How can I program a simple chat bot AI?

Folks have mentioned already that statefulness isn't a big component of typical chatbots:

  • a pure Markov implementations may express a very loose sort of state if it is growing its lexicon and table in real time—earlier utterances by the human interlocutor may get regurgitated by chance later in the conversation—but the Markov model doesn't have any inherent mechanism for selecting or producing such responses.

  • a parsing-based bot (e.g. ELIZA) generally attempts to respond to (some of the) semantic content of the most recent input from the user without significant regard for prior exchanges.

That said, you certainly can add some amount of state to a chatbot, regardless of the input-parsing and statement-synthesis model you're using.
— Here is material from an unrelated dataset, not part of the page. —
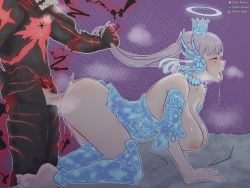 Rule 34 | 1boy, 1girl, asta (black clover), black clover, blush, breasts, doggystyle, hairpull, hetero, hito clover, noelle silva, penis, saliva, sex, sex from behind, tongue, vaginal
How to do that depends a lot on what you want to accomplish with your statefulness, and that's not really clear from your question. A couple general ideas, however:

  • Create a keyword stack. As your human offers input, parse out keywords from their statements/questions and throw those keywords onto a stack of some sort. When your chatbot fails to come up with something compelling to respond to in the most recent input—or, perhaps, just at random, to mix things up—go back to your stack, grab a previous keyword, and use that to seed your next synthesis. For bonus points, have the bot explicitly acknowledge that it's going back to a previous subject, e.g. "Wait, HUMAN, earlier you mentioned foo. [Sentence seeded by foo]".

  • Build RPG-like dialogue logic into the bot. As your parsing human input, toggle flags for specific conversational prompts or content from the user and conditionally alter what the chatbot can talk about, or how it communicates. For example, a chatbot bristling (or scolding, or laughing) at foul language is fairly common; a chatbot that will get het up, and conditionally remain so until apologized to, would be an interesting stateful variation on this. Switch output to ALL CAPS, throw in confrontational rhetoric or demands or sobbing, etc.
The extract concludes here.